今井 もともと実家が、群馬にある「聖酒造」という酒蔵なんです。酒蔵の家に生まれた身として、いま日本酒が飲まれなくなっている状況は歯がゆい。日本酒業界全体に、何か僕ができることはないかと学生時代から考えてきてました。でも、残念ながら日本酒業界はまだまだ国内で小さくまとまっている状況なので、それを打破するためにも、僕はWAKAZEで日本酒を「世界酒」にすることを目指そうと考えました。
──今は海外でも日本酒は人気が出てきていますしね。
今井 日本酒が「世界酒」になるには、日本から世界に輸出するだけではなく、世界各地で日本酒が作られて、“地酒”になっていくことが大切。

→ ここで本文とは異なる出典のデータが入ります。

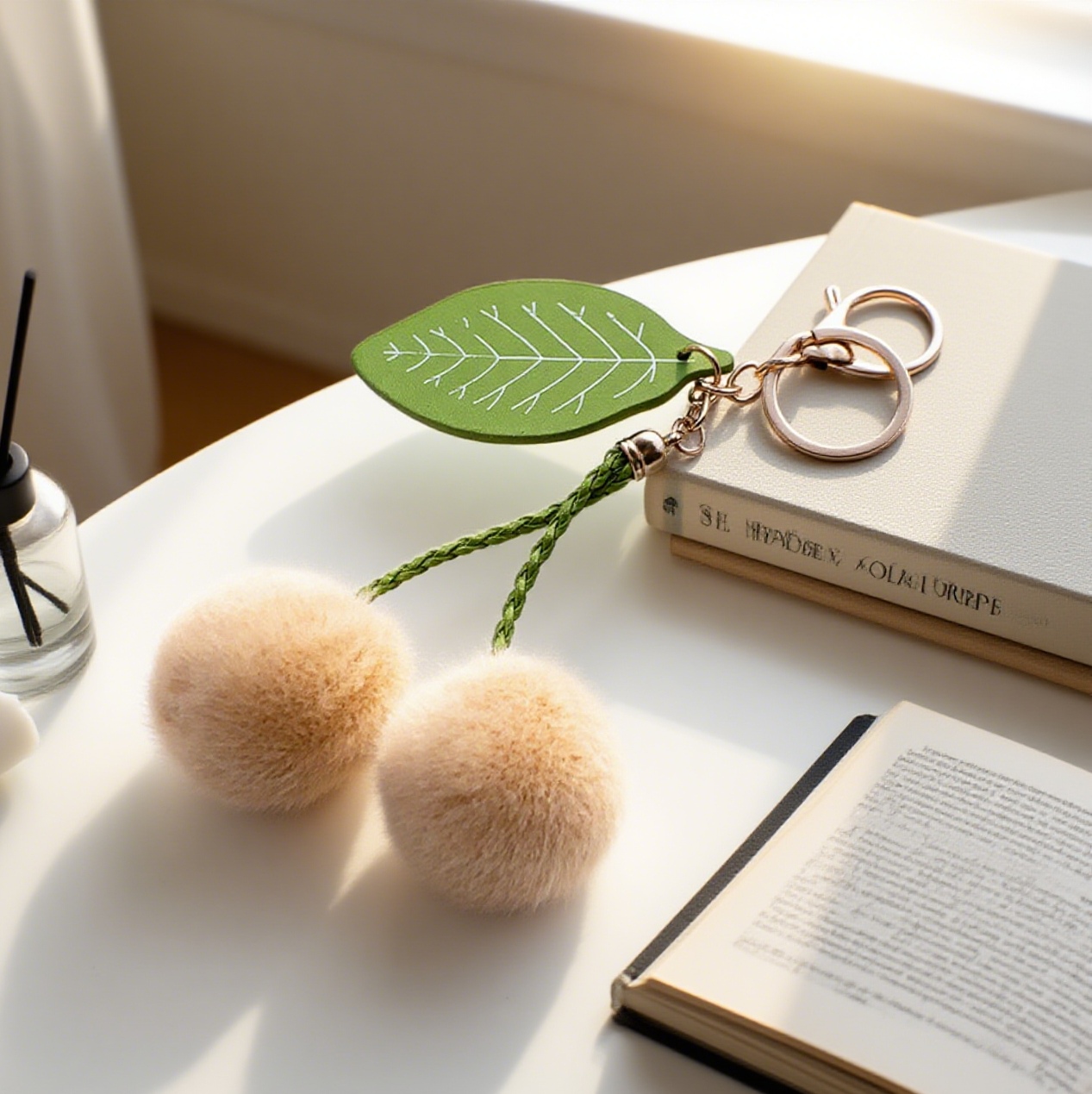 Fruit Cute Cherry Furball Bag Accessories Keychain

現地の人のアイデンティティがこもった日本酒が世界各地で造られてほしいと思っています。
──世界各地でワインが作られているように?
今井 そうですね。ブルゴーニュワイン、カリフォルニアワイン、グルジアワインのように、日本酒も世界中で、その土地ごとのお酒として広がってほしい。ただ、海外で造られたお酒は厳密には「日本酒」とは呼べないので、私たちは「SAKE」と呼んでいます。
海外でSAKEが広まるには、SAKEの造り手の数が増えないといけない。だから僕たちはフランスでSAKE造りに挑むことにしました。自分たちがロールモデルとなって、世界中の人に「もしかしたら自分たちもSAKEが造れるかもしれない」と思ってほしいんです。
 

酒造りの舞台はフランスへ! 硬水で醸すフランスの「SAKE」とは

今井さんはフランスでの挑戦が実るまで、帰国は考えていないという。
──それは壮大な計画ですね。
今井 すでにパリに自社の酒蔵をつくって、SAKE造りに挑戦しています。パリは食の都だし、フランスはワイン大国でもある。きっと評価も厳しいでしょう。でも、あえてこの場所を選びました。

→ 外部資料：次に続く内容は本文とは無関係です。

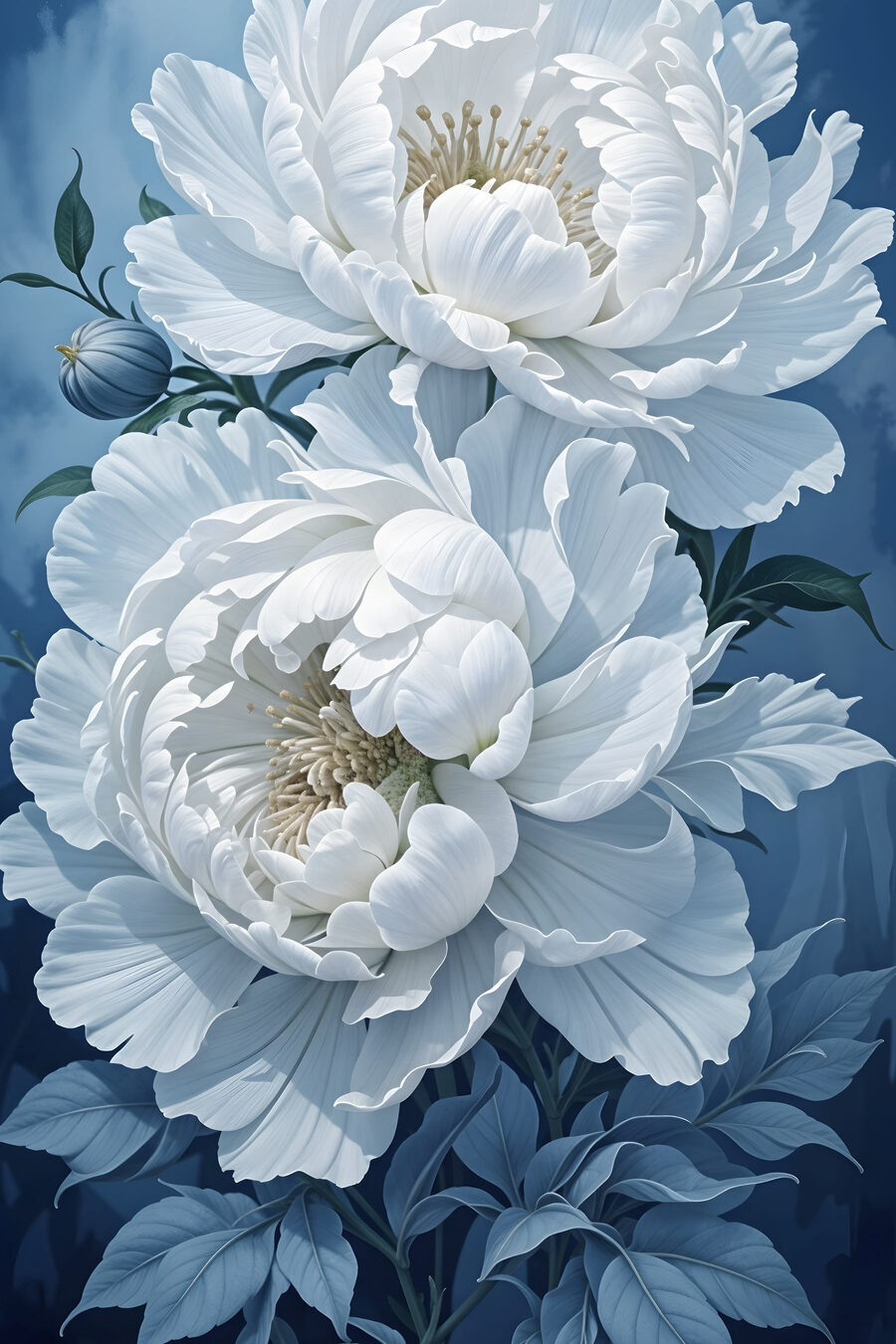 Witte pioenrozen op blauw — volledig ontwerp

日本と同じものを造るんだったら輸出と変わらないので、パリでしか造れないものにトライしたい。素材はフランス産の米を使用して、水は現地の硬水で仕込み、酵母は地元のワイン酵母を使う。そのあたりも徹底してチャレンジしたいですね。
軟水と硬水ではモノがまったく違いますし、難易度はかなり高いと思いますが、完成したあかつきには、ぜひパリにSAKEを飲みにきてくださいね!
 
株式会社WAKAZE●2016年設立、「日本酒を世界酒に」をビジョンに活動するスタートアップ企業。「委託醸造」という形で自社の商品を開発・販売し、「ワイン樽を活用して熟成させた日本酒《オルビア》」や植物やスパイスを入れて風味づけをした新感覚の酒「ボタニカルSAKE《フォニア》」など革新的な酒を世に送り出してきた。2018年7月には「その他醸造酒」の製造免許を取得し、東京・三軒茶屋にて自社どぶろく醸造所と併設飲食店をオープン、新時代の「SAKE」の開発と発信を行なっている。